MazeRunner HER#

"""
A demonstration of the hindsight instruction relabeling techinque discussed in the AMAGO paper -
a generalization of Hindsight Experience Replay (HER) to sequences of multiple goals.
The ability to relabel data is another good reason to prefer off-policy RL^2 to on-policy.

This example uses the "MazeRunner" environment. MazeRunner is an adapted version of Memory Maze
(https://arxiv.org/abs/2210.13383) that does not require the DM Lab simulator or learning from pixels.
For more information please refer to the AMAGO Appendix C.4.

There are three steps to using hindsight relabeling:

1. Make the env's observations a dict with keys for the intended goal and alternative goals achieved
   at that timestep. Goals are often subsets of the state space. In this example, observations consist of:

   `obs` : the regular observation from the maze environment (LIDAR-ish depth sensors to the walls, timer, etc.)
   `goals` : a sequence of k goal positions to navigate to.
   `achieved`: the agent's current position.

2. Let the policy network take the observation and goals as input, but ignore the `achieved` data.

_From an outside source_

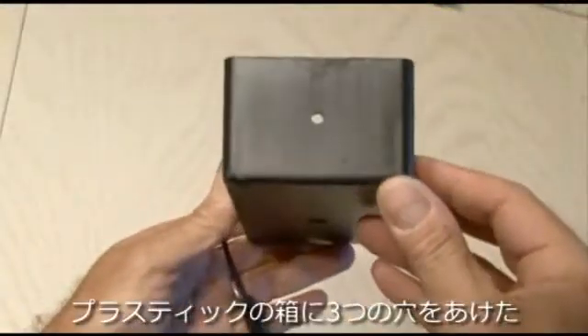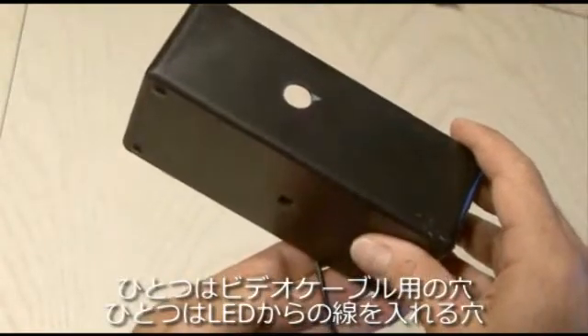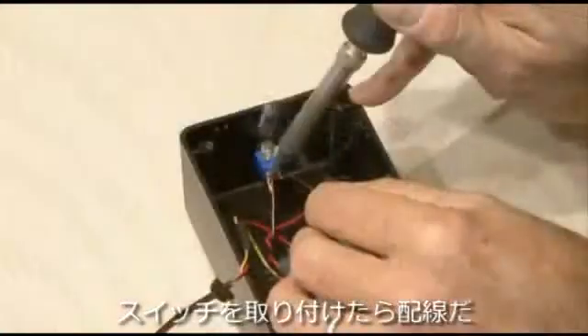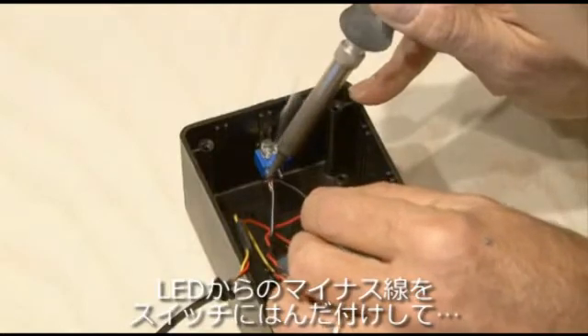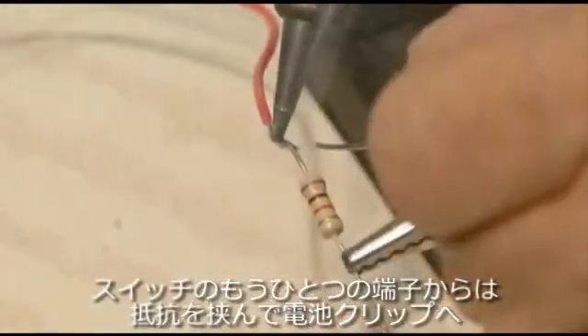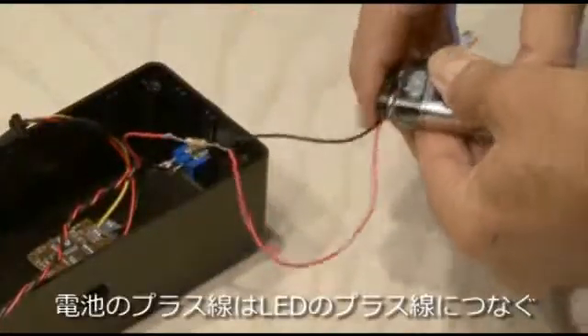I also drilled three more holes in the hobby box: one for the video cable, one for the wires going out to the LED, and one for the switch. After installing the switch it's time to wire things up. We'll go negative to one side of the switch, which goes to the negative side of the LED, and our positive line will go through our 1K resistor and 9-volt clip to the other end of the LED.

3. Use the `achieved` key to relabel data with alternative goal sequences that would lead to higher returns.
"""

from argparse import ArgumentParser
import random
from functools import partial

import gymnasium as gym
import wandb
import numpy as np

import amago
from amago.envs.builtin.mazerunner import MazeRunnerAMAGOEnv
from amago.hindsight import Relabeler, FrozenTraj
from amago.loading import DiskTrajDataset
from amago import cli_utils


def add_cli(parser):
    parser.add_argument(
        "--maze_size",
        type=int,
        default=11,
        help="Dimension of randomly generated mazes (n x n). n must be odd.",
    )
    parser.add_argument(
        "--goals",
        type=int,
        default=3,
        help="Length of the sequence of goal positions to reach during the episode.",
    )
    parser.add_argument(
        "--time_limit", type=int, default=250, help="Episode time limit."
    )
    parser.add_argument(
        "--relabel",
        choices=["some", "all", "none"],
        default="some",
        help="`none` skips relabeling, `all` relabels every trajectory to a success. `some` creates a mixture of varying returns.",
    )
    parser.add_argument(
        "--randomized_actions",
        action="store_true",
        help="Randomize the directions of movement each episode (requires context-based identitifcation of current controls).",
    )
    return parser


class HindsightInstructionReplay(Relabeler):
    """
    Hindsight Experience Replay extended to "instructions" or sequences of multiple goals.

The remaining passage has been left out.